[Stored dataset items]
►
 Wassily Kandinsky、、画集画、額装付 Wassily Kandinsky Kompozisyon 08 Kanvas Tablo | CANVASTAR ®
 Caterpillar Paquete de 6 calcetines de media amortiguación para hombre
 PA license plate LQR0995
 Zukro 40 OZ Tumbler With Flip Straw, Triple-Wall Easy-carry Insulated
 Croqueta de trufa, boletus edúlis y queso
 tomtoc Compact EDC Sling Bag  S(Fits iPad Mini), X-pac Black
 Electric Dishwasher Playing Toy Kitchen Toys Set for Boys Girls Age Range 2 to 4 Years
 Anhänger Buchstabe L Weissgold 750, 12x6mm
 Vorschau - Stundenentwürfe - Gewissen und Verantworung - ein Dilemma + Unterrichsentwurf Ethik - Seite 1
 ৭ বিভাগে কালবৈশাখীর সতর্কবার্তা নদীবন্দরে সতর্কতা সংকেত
◄
§ **Task item**
Your answer should be the exact lines above from the one with "Caterpillar Paquete de" through the one with "tomtoc Compact EDC", both included, and nothing besides.

§ **Answer for the task**
 Caterpillar Paquete de 6 calcetines de media amortiguación para hombre
 PA license plate LQR0995
 Zukro 40 OZ Tumbler With Flip Straw, Triple-Wall Easy-carry Insulated
 Croqueta de trufa, boletus edúlis y queso
 tomtoc Compact EDC Sling Bag  S(Fits iPad Mini), X-pac Black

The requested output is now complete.